Galanin is a potent activator of neutrophils

Sabine Schmidhuber1, Andreas Lang1, Jason McDougall3, Bernhard Brodowicz1, Roland Lang2, Barbara Kofler1. 1Laura Bassi Centre of Expertise-THERAPEP, Research Program for Receptor Biochemistry and Tumor Metabolism , Department of Pediatrics, Paracelsus Medical University, Salzburg, Austria, 2Department of Dermatology, Paracelsus Medical University, Salzburg, Austria, 3Department of Physiology and Biophysics, University of Calgary, Calgary, Canada

Primary afferent nerve fibers control cutaneous blood flow and vascular permeability by releasing neuropeptides, such as galanin, that in turn can evoke inflammation. These vascular reactions and the additional recruitment and activation of leukocytes are the key features of neurogenic inflammation.
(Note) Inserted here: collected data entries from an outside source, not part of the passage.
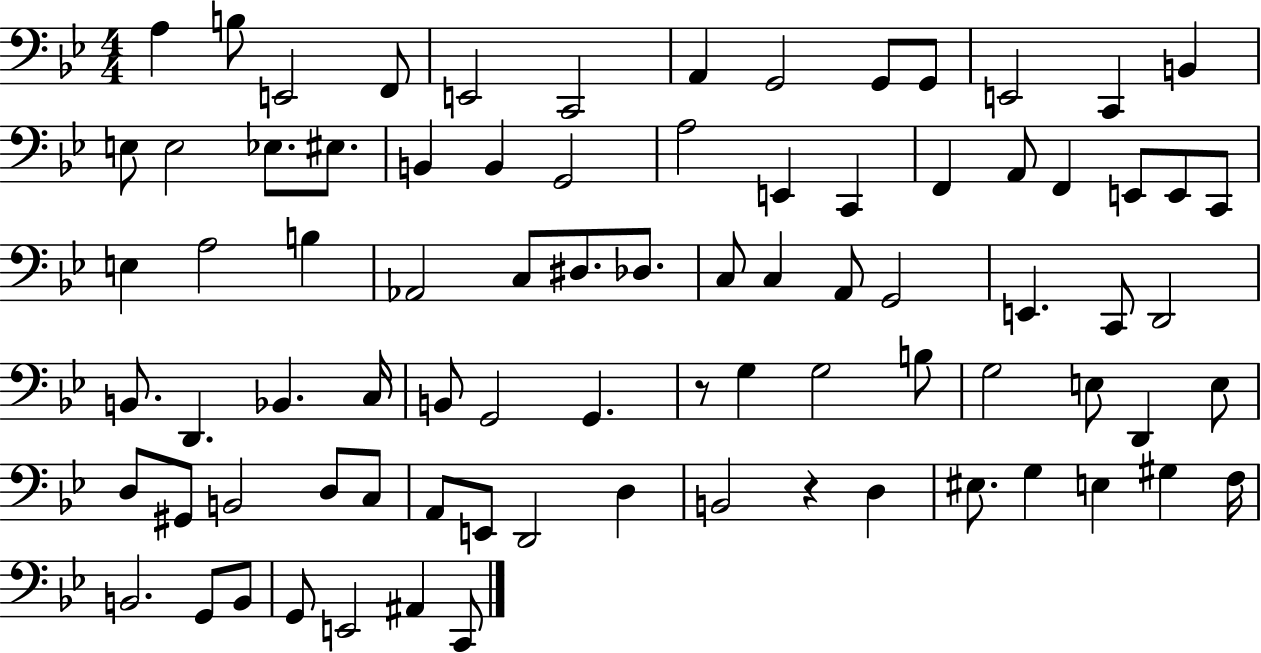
{
  \clef bass
  \numericTimeSignature
  \time 4/4
  \key bes \major
  a4 b8 e,2 f,8 | e,2 c,2 | a,4 g,2 g,8 g,8 | e,2 c,4 b,4 | \break e8 e2 ees8. eis8. | b,4 b,4 g,2 | a2 e,4 c,4 | f,4 a,8 f,4 e,8 e,8 c,8 | \break e4 a2 b4 | aes,2 c8 dis8. des8. | c8 c4 a,8 g,2 | e,4. c,8 d,2 | \break b,8. d,4. bes,4. c16 | b,8 g,2 g,4. | r8 g4 g2 b8 | g2 e8 d,4 e8 | \break d8 gis,8 b,2 d8 c8 | a,8 e,8 d,2 d4 | b,2 r4 d4 | eis8. g4 e4 gis4 f16 | \break b,2. g,8 b,8 | g,8 e,2 ais,4 c,8 | \bar "|."
}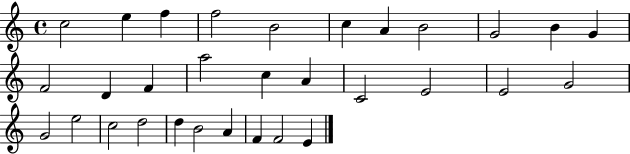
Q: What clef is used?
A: treble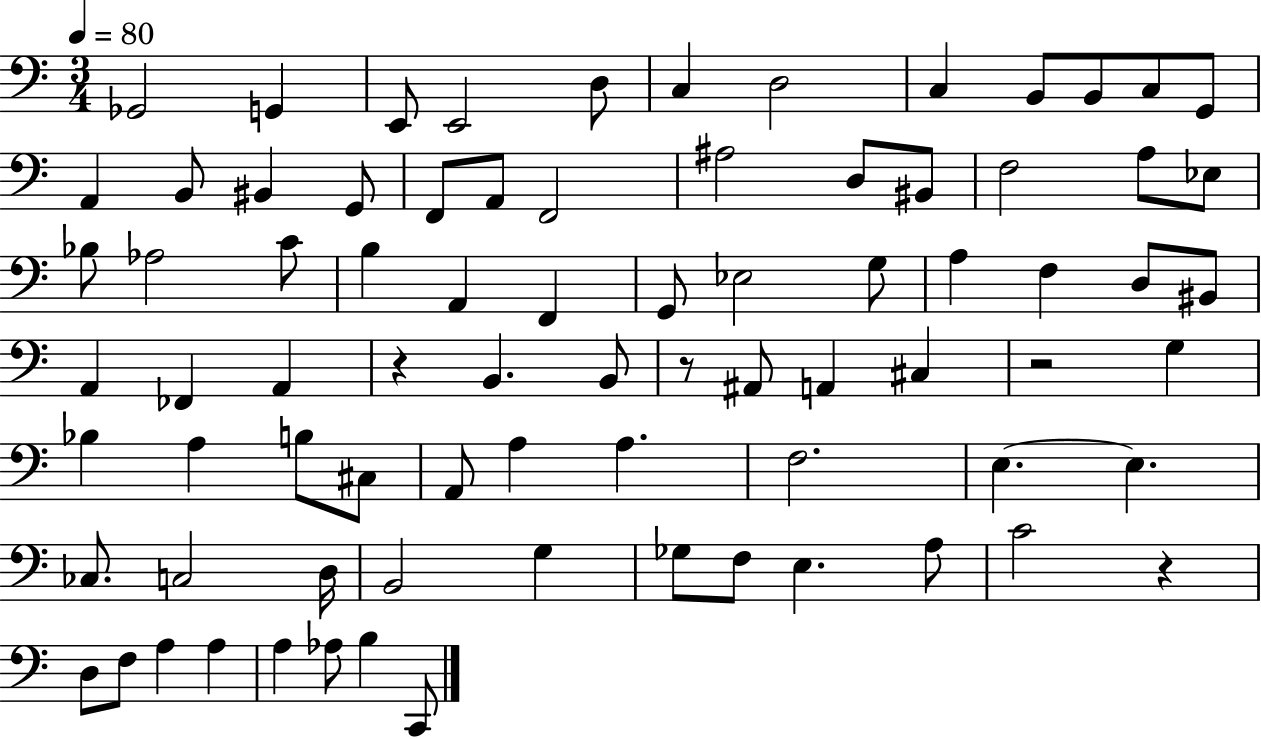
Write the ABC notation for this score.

X:1
T:Untitled
M:3/4
L:1/4
K:C
_G,,2 G,, E,,/2 E,,2 D,/2 C, D,2 C, B,,/2 B,,/2 C,/2 G,,/2 A,, B,,/2 ^B,, G,,/2 F,,/2 A,,/2 F,,2 ^A,2 D,/2 ^B,,/2 F,2 A,/2 _E,/2 _B,/2 _A,2 C/2 B, A,, F,, G,,/2 _E,2 G,/2 A, F, D,/2 ^B,,/2 A,, _F,, A,, z B,, B,,/2 z/2 ^A,,/2 A,, ^C, z2 G, _B, A, B,/2 ^C,/2 A,,/2 A, A, F,2 E, E, _C,/2 C,2 D,/4 B,,2 G, _G,/2 F,/2 E, A,/2 C2 z D,/2 F,/2 A, A, A, _A,/2 B, C,,/2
Recently, we were able to show that accumulation of polymorphonuclear neutrophils (PMNs), upon induction of different inflammatory stimuli in the skin, is disrupted in galanin knockout mice (Gal-KO). Here we tested the hypothesis that galanin is directly influencing PMN function in vivo and in vitro.

Co-injection of galanin (10 nmol) along with the inflammatory stimulant carrageenin in the skin of Gal-KO was able to rescue PMN accumulation in the skin to levels comparable to wild type mice. Local administration of galanin to inflamed knee joints caused a dose-dependent increase in PMN rolling velocity and adhesion within the synovial microvasculature in wild-type mice.

In human PMNs, isolated from healthy individuals, galanin exposure dose dependently increased PMN adherence. Furthermore, the surface expression of the beta-2-integrin CD11b, CD66b and CD63, markers of secondary and azurophil granules, respectively, that are activated during cellular activation and adhesion, are significantly upregulated already 10 minutes after galanin treatment.

Galanin (100 nM) was also able to induce the secretion of the matrix metalloproteinase MMP-9, indicating that galanin also mobilizes tertiary granules of PMNs.

These activation of PMNs by galanin is possibly mediated by the galanin receptor subtypes GalR2 and/or GalR3, which are expressed in human PMNs.

Here, we have identified and characterized galanin as another crucial regulator for PMN recruitment, rolling and adhesion, establishing this peptides as another important partaker in inflammatory processes.

Funding: Austrian Science Fund (FWF, P14906); Austrian Research Promotion Agency (FFG, 822782/THERAPEP) and Federation of European Biochemical Societies (Return to Europe-Fellowship).